Lors de la première inscription, les bénévoles s’engagent à acquérir dix actions de dix euros, soit cent euros réglables en plusieurs fois. Ces parts, en plus des heures de bénévolat, leur donnent le droit de faire des courses sur place. En avril 2023, le chiffre d’affaires de Supercoop atteignait 997 000 euros sur les douze derniers mois. «On ne va pas se mentir, on commence un peu à stagner niveau effectif. Il faudrait doubler le nombre de bénévoles pour moins ramer entre le loyer à payer, les salaires et l’achat des produits», concède Jean-Paul Taillardas. Par souci de transparence, le supermarché a fait le choix d’une marge unique de 23 %. Le bénéfice est réinvesti dans le fonctionnement du magasin.

Pascale, ancienne instit et bénévole depuis trois ans, a entendu parler du supermarché par l’intermédiaire d’amis adhérents. Elle y fait depuis quasiment toutes ses courses. «Je faisais déjà attention à la manière de m’alimenter, mais je dois dire que c’est mon fils de 27 ans qui m’a ouvert les yeux sur certaines pratiques de la grande distribution.
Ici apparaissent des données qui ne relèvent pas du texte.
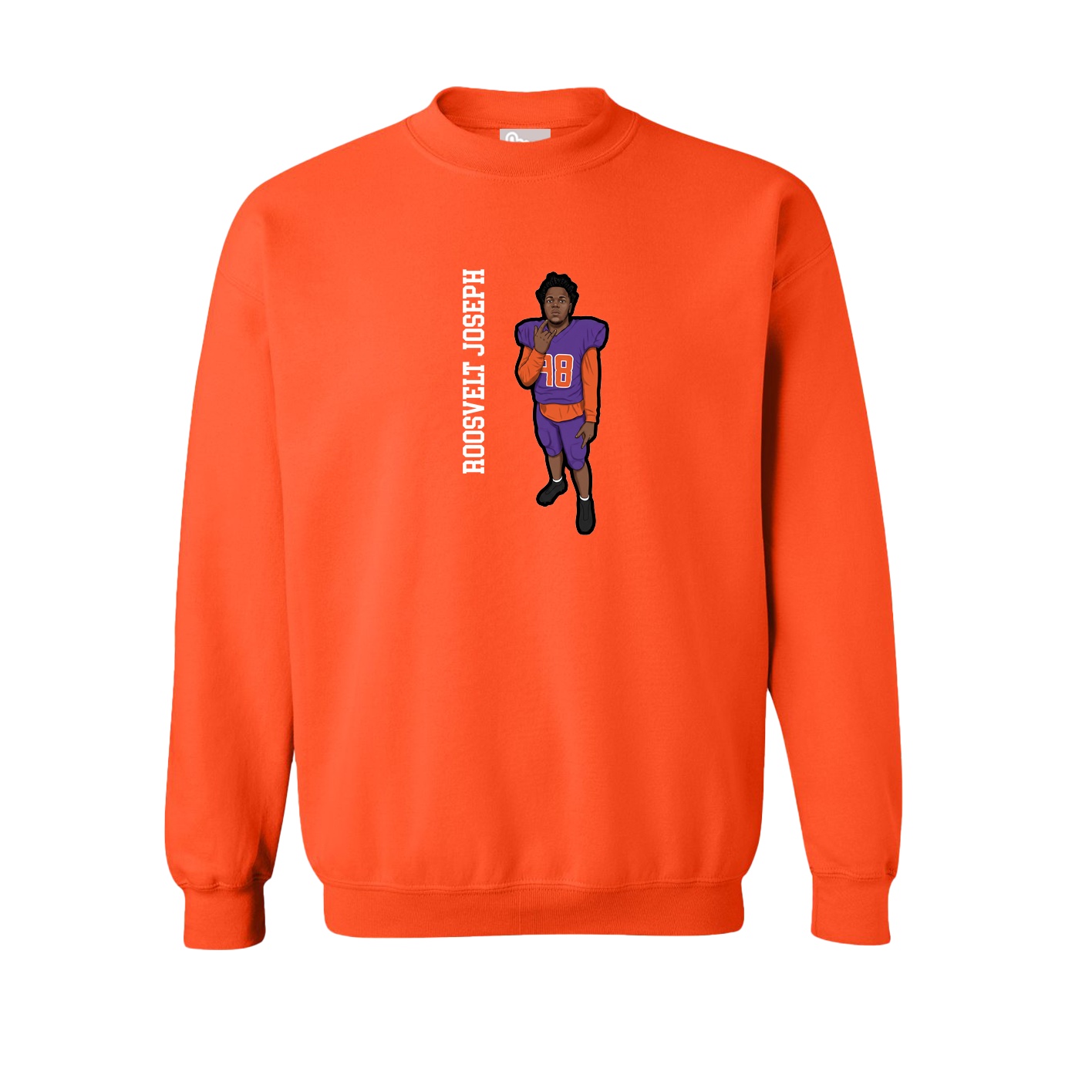 Fleece Crew — Name Vertical in Orange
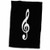 3D Rose Black Treble Notation-G Clef Musical Note Musician Gift Hand Towel  15 x 22  Multicolor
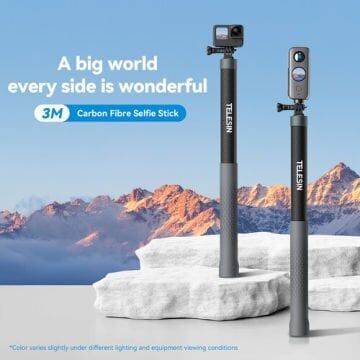 Telesin Aksiyon Kamera ve Akıllı Telefonlar için 3 Metre Carbon Fiber Selfie Stick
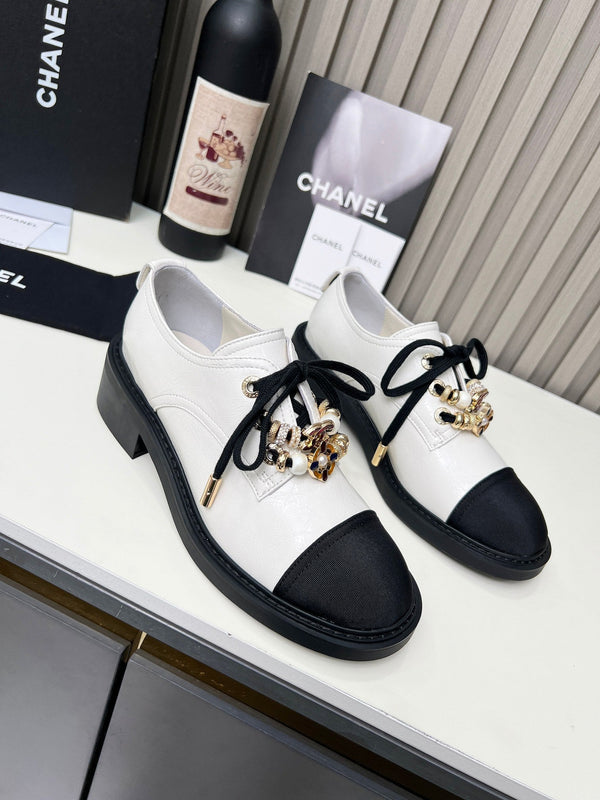 Chanel CC Combat Shoes With Pearl White in Calfskin 597896
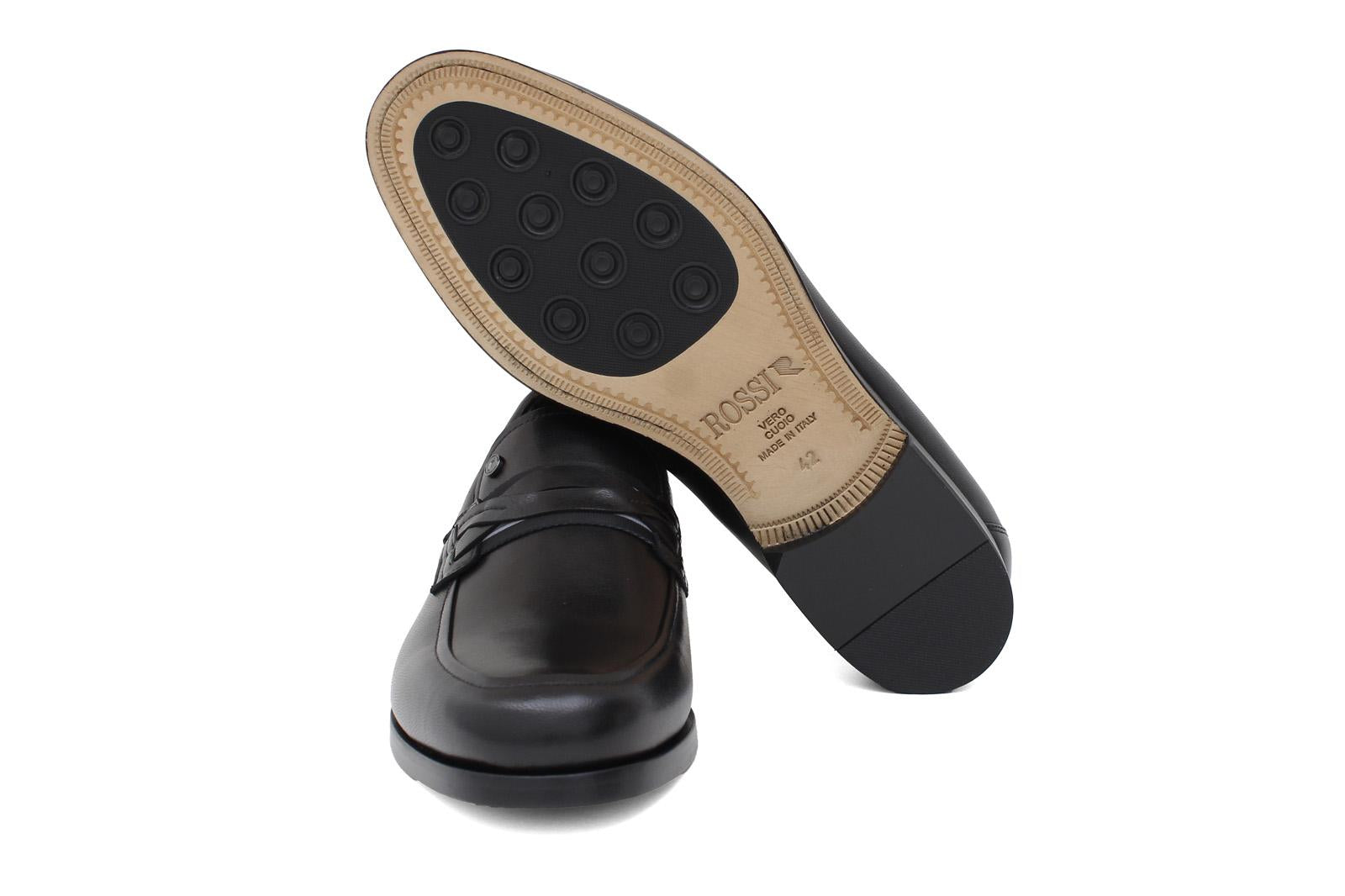 Mocassino in pelle nappa nero con fondo in cuoio antiscivolo cucito blake 1858NAPN 144 ROSSI 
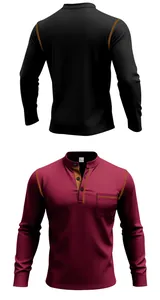Front and back detail view of men's long sleeve stand collar polo shirt in black and maroon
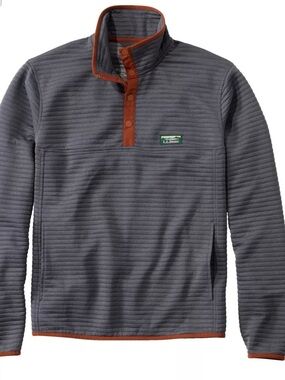 L.L. Bean Airlight Pullover  Gray Quilted with Rust Trim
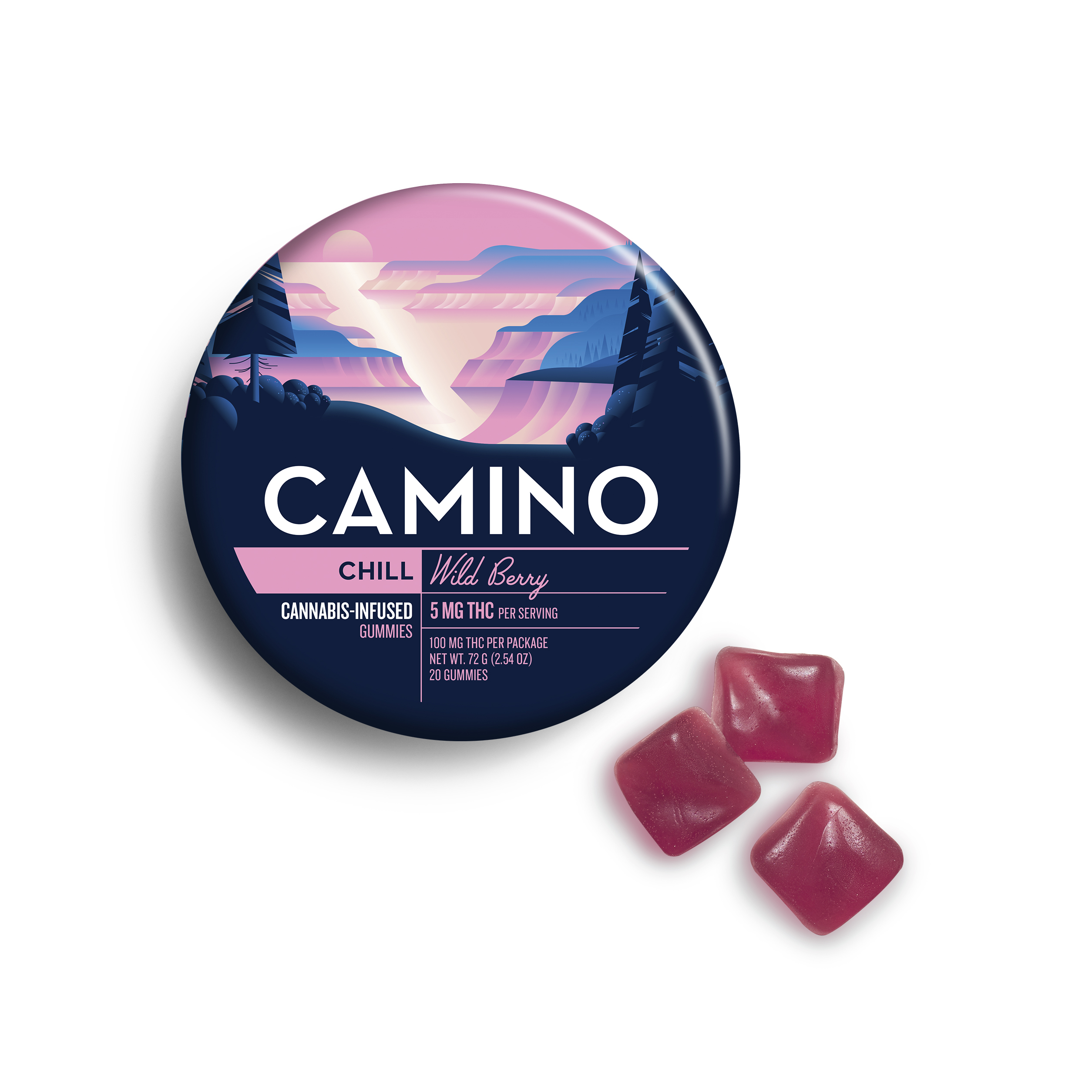 Photograph of Product: Camino 'Chill' Wild Berry Gummies [20pk] (100mg THC)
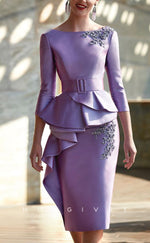 HM180 - Sexy Satin Fitted Scoop Empire Belt 3/4 Sleeves Appliques Ruffled Mother of the Bride Dress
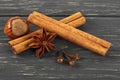 Spices on wooden background. Cinnamon, nuts, anise and cloves. Christmas background Royalty Free Stock Photo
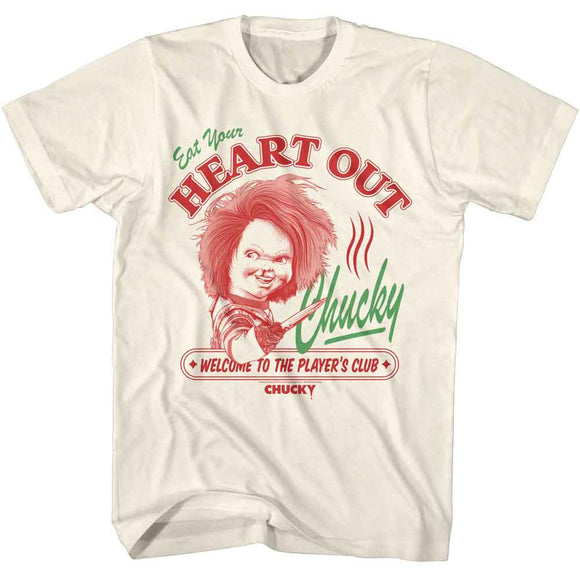 Chucky-Chucky Eat Your Heart Out-Natural Adult S/S T-Shirt - Natural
Il est davantage sensibilisé à la surconsommation», confie la retraitée. En regardant en arrière, Pascale se dit «lucide» : «Je fais partie de cette génération à qui on répétait en boucle durant l’enfance qu’il fallait manger une fois par jour de la viande et du poisson. Celle qui feuilletait les publicités avec bonheur juste pour le plaisir d’acheter, sans réfléchir à mes vrais besoins. Ici, la plupart du temps, on a cette satisfaction de voir tout le cheminement de la terre à l’assiette. Cela me semble plus éthique

Dans les allées, l’équipe de bénévoles du jour s’affaire. Chaque coopérateur se transforme en responsable de rayon, marchand de légumes… De temps en temps, le chant d’un oiseau s’élève, c’est le signe que quelqu’un est rentré. Derrière la caisse, Daniel commence son service, saluant ses collègues qui viennent remplir leurs paniers. «On met un point d’honneur à n’avoir aucune hiérarchie. L’organisation est totalement horizontale et fonctionne grâce au bon sens. On a quand même un médiateur pour gérer d’éventuels conflits, mais ce que je peux vous dire, c’est qu’il n’est pas débordé», s’amuse le président du magasin. Au moment où il franchit la porte, chaque coopérateur est chez lui. A Supercoop, on n’est pas chez monsieur Leclerc ou monsieur Auchan, l’esprit de communauté fait aussi partie de l’expérience.»